Pharmacology Flashcards
Stimulation of the post-ganglionic non-cholinergic fibres causes what?
Bronchial smooth muscle relaxation mediated by nitric oxide and vasoactive intestinal peptide
Stimulation of pastganglionic cholinergic fibres causes what?
Bronchial smooth muscle contraction mediated by M3 muscarinic ACh receptors on ASM cells and increased mucus secretion mediated by M3 muscarinic ACh receptors on goblet cells
Where are the cell bodies of the preganglionic fibres located?
In the brainstem
Where are the cell bodies of the postganglionic fibres located?
Embedded in the walls of the bronchi and bronchioles
What activates GPCR (g protein coupled receptor)
Transmitter or hormone
How do actin and myosin filaments generate contraction?
By sliding over each other to generate force
Contraction of smooth muscle results from what?
Phosphorylation of the regulatory myosin light chain in the presence of elevated intracellular Ca2+ (and ATP)
Relaxation of smooth muscle results from what?
Dephosphorylation of MLC by myosin phosphatase which has constitutive activity
Describe what happens to the rate of phosphorylation and de-phosphorylation in the presence of elevated Ca2+
The rate of phosphorylation exceeds the rate of de-phosphorylation
What molecule degrades cAMP?
Phosphodiesterase
What reveals hyper-responsiveness in asthma?
Provocation tests with inhaled bronchoconstrictors (spasmogens) such as histamine or methacholine
Describe immediate and delayed phases of asthma attack
- immediate is mainly bronchospasm
- delayed is mainly inflammatory reactions
What initiates an adaptive immune response in allergic asthma?
Initial presentation of an antigen eg. dust mite protein or pollen
Describe the effector phase of the development of allergic asthma
- eosinophils differentiate and activate in response to IL-5 released from TH2 cells
- mast cells in airway tissue express IgE receptors in response to IL-4 and IL-13 released from TH2 cells
Describe the subsequent presentation of antigen in the development of allergic asthma
- cross links IgE receptors stimulates calcium entry into mast cell and release of calcium from intracellular stores
What does the release of Ca2+ from intracellular stores and calcium entry into mast cells evoke?

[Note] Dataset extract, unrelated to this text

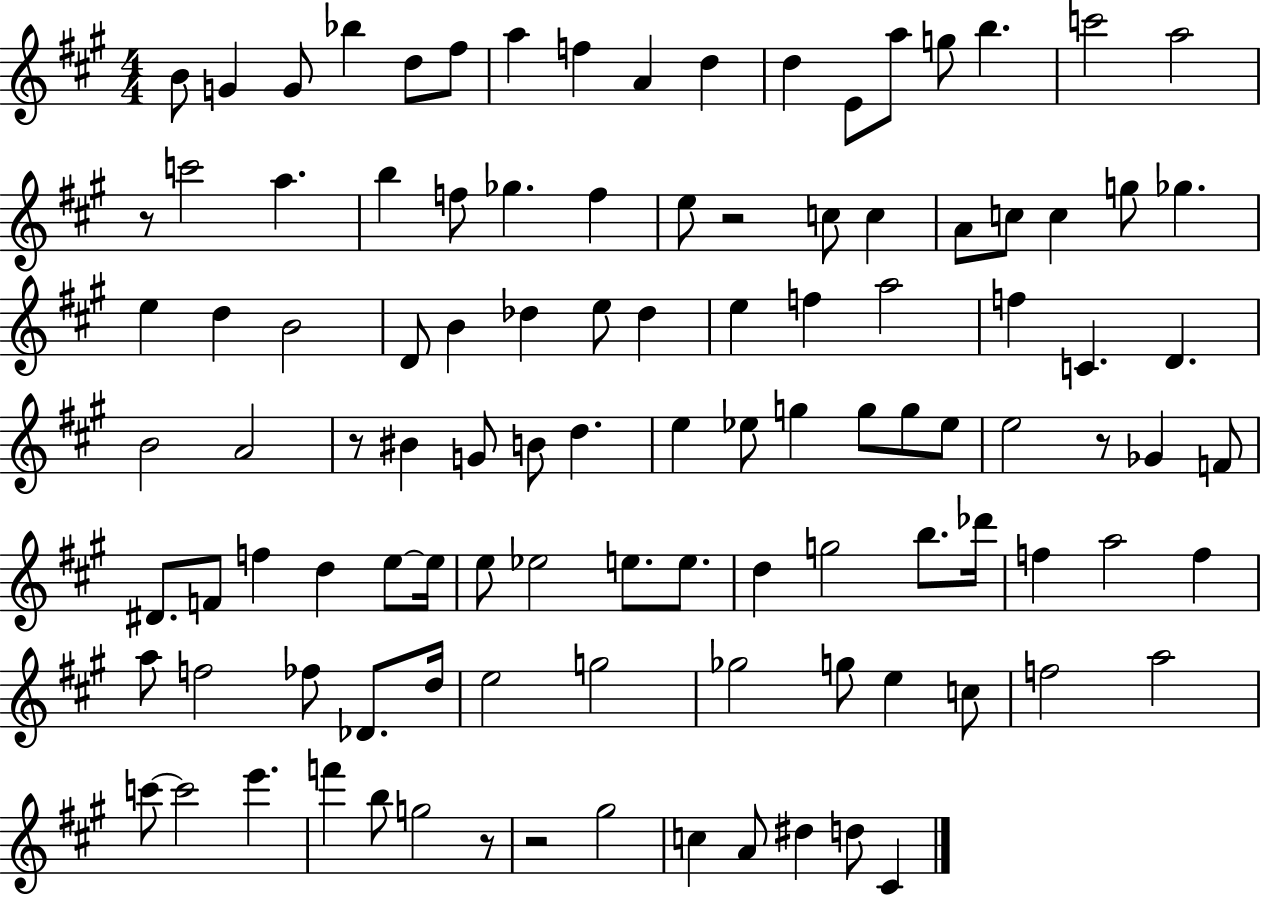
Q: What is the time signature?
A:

- release of secretory granules containing preformed histamine and the production and release of other agents (eg. leukotrienes LTC4 and LTD4) that cause airway smooth muscle contraction
- release of substance eg. LTB4 and platelet-activating factors and prostaglandins that attract cells causing inflammation eg. mononuclear cell and eosinophils into the area
What are the two classes of drugs used in the treatment of asthma?
- relievers
- controllers/ preventers
What do relievers do and name some examples?

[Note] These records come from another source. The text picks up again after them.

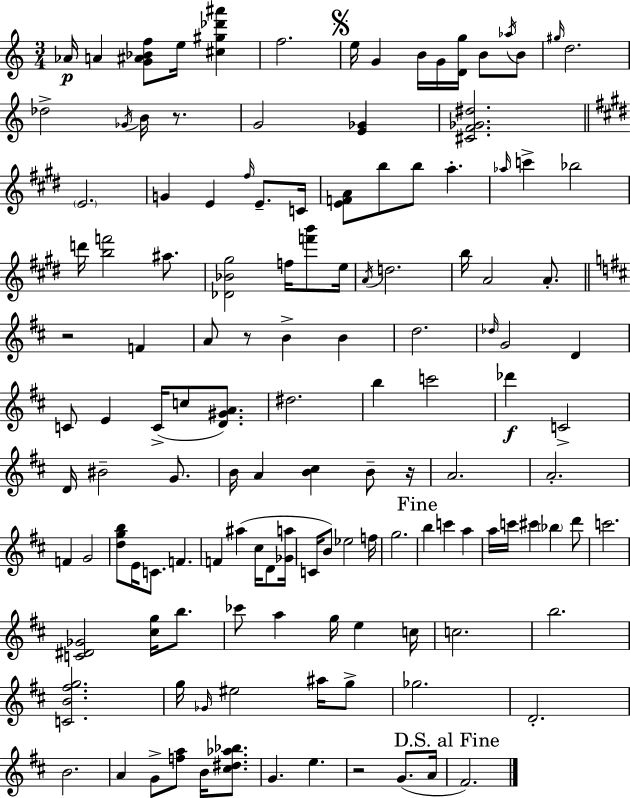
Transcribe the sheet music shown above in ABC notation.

X:1
T:Untitled
M:3/4
L:1/4
K:C
_A/4 A [G^A_Bf]/2 e/4 [^c^g_d'^a'] f2 e/4 G B/4 G/4 [Dg]/4 B/2 _a/4 B/2 ^g/4 d2 _d2 _G/4 B/4 z/2 G2 [E_G] [^CF_G^d]2 E2 G E ^f/4 E/2 C/4 [EFA]/2 b/2 b/2 a _a/4 c' _b2 d'/4 [bf']2 ^a/2 [_D_B^g]2 f/4 [f'b']/2 e/4 A/4 d2 b/4 A2 A/2 z2 F A/2 z/2 B B d2 _d/4 G2 D C/2 E C/4 c/2 [D^GA]/2 ^d2 b c'2 _d' C2 D/4 ^B2 G/2 B/4 A [B^c] B/2 z/4 A2 A2 F G2 [dgb]/2 E/4 C/2 F F ^a ^c/4 D/2 [_Ga]/4 C/4 B/2 _e2 f/4 g2 b c' a a/4 c'/4 ^c' _b d'/2 c'2 [C^D_G]2 [^cg]/4 b/2 _c'/2 a g/4 e c/4 c2 b2 [CB^fg]2 g/4 _G/4 ^e2 ^a/4 g/2 _g2 D2 B2 A G/2 [fa]/2 B/4 [^c^d_a_b]/2 G e z2 G/2 A/4 ^F2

- they act as bronchodilators
- short acting beta 2 adrenoceptor agonists (SABAs)
- long acting beta 2 adrenoceptor agonists (LABA)
- cysLT1 receptor antagonists
- methylxanthines
What do controllers and preventers do and name some examples?
- act as anti-inflammatory agents that reduce airway inflammation
- glucocorticoids
- cromoglicate
- humanised monoclonal IgE antibodies
- methylxanthines
Describe aerosol dosing of drugs
- slow absorption from lung surface and rapid systemic clearance
- low dose delivered rapidly to target
- low systemic concentration of drug
- low incidence of adverse effects
- distribution of drug is reduced in severe airway disease
- difficult for small children and infirm people
- effective in mild to moderate disease
Describe oral dosing of medication
- good oral absorption and slow systemic clearance
- high systemic dose necessary to achieve an appropriate concentration in the lung
- high systemic concentration of drug
- high incidence of adverse effects
- distribution unaffected by airway disease
- good compliance
- easy administration
- effectiveness good even in severe disease
What do beta 2 adrenoceptor agonists act as?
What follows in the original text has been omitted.